What are environmental economists thinking about these days? Mostly energy and clmate change, it would seem. Here’s a roundup of the most significant recent papers posted at SSRN’s environmental economics journal. I’ve included links to those with free downloads:
“Airline Emission Charges: Effects on Airfares, Service Quality, and Aircraft Design”
JAN K. BRUECKNER and ANMING ZHANG
This paper explores the effect of airline emissions charges on airfares, airline service quality, aircraft design features, and network structure, using a detailed and realistic theoretical model of competing duopoly airlines. The results show that emission charges will raise fares, reduce flight frequency, increase load factors, and raise aircraft fuel efficiency, while having no effect on aircraft size. Given that these adjustments occur in response to the treatment of an emissions externality that is currently unaddressed, they represent efficient changes that move society closer to a social optimum.
“Climate Change and Risk Management: Challenges for Insurance, Adaptation, and Loss Estimation” CAROLYN KOUSKY and ROGER M. COOKE
Adapting to climate change will not only require responding to the physical effects of global warming, but will also require adapting the way we conceptualize, measure, and manage risks. Climate change is creating new risks, altering the risks we already face, and also, importantly, impacting the interdependencies between these risks. In this paper we focus on three particular phenomena of climate related risks that will require a change in our thinking about risk management: global micro-correlations, fat tails, and tail dependence. Consideration of these phenomena will be particularly important for natural disaster insurance, as they call into question traditional methods of securitization and diversification.
“Volatile CO2 Prices Discourage CCS Investment”

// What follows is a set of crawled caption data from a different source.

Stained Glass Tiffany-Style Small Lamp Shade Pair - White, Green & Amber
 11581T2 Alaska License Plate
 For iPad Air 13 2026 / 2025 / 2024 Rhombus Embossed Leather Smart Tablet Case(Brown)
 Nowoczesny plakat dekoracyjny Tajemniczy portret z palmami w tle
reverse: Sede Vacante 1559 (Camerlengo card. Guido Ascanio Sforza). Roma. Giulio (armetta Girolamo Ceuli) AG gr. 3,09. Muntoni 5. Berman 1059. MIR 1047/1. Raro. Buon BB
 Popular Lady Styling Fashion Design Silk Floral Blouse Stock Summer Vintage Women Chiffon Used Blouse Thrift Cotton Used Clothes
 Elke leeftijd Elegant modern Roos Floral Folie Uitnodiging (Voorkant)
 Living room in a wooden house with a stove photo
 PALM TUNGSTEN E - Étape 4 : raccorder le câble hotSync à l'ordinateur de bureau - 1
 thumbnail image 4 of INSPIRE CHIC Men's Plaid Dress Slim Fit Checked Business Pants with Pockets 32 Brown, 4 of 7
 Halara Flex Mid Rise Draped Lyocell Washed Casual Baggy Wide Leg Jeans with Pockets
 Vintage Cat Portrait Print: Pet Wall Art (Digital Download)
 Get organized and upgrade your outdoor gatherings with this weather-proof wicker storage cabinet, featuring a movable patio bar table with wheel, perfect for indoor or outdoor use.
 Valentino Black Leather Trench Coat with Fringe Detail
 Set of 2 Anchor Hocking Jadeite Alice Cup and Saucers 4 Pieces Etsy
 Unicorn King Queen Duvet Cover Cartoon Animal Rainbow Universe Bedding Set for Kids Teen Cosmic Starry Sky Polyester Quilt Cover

METIN CELEBI and FRANK GRAVES
Climate policy proposals based on cap and trade mechanisms with tight caps will likely lead to highly volatile CO2 prices. This volatility is ignored in many studies, even though it can be expected to exceed that of natural gas and to exceed the wide ranges in CO2 price forecasts. Volatility will significantly increase investment risk, raise the cost of capital, and make it valuable to defer investments.
“Estimating the Effect of a Gasoline Tax on Carbon Emissions”
LUCAS W. DAVIS and LUTZ KILIAN
Our most credible estimates imply that a 10 cent per gallon increase in the gasoline tax would reduce U.S. gasoline consumption by 4% and reduce total U.S. carbon emissions by about 1%. We conclude that there is no statistical evidence that a gasoline tax increase of the magnitude recently contemplated by policymakers would reduce carbon emissions enough to reach the targets described by the United Nation’s Intergovernmental Panel on Climate Change in 2007.
“Environmental Economics and Modeling Marketable Permits: A Survey”
This paper reviews fundamental concepts in environmental economics and explores theoretical results regarding the choice of the key policy instruments for the control of externalities: taxes, subsidies and marketable permits. We survey how significant market imperfections, a pre-existing regulatory environment and concentration in both permit and output markets can impede the proper functioning of a permit system. The main factors that affect the effectiveness of marketable permits are then discussed.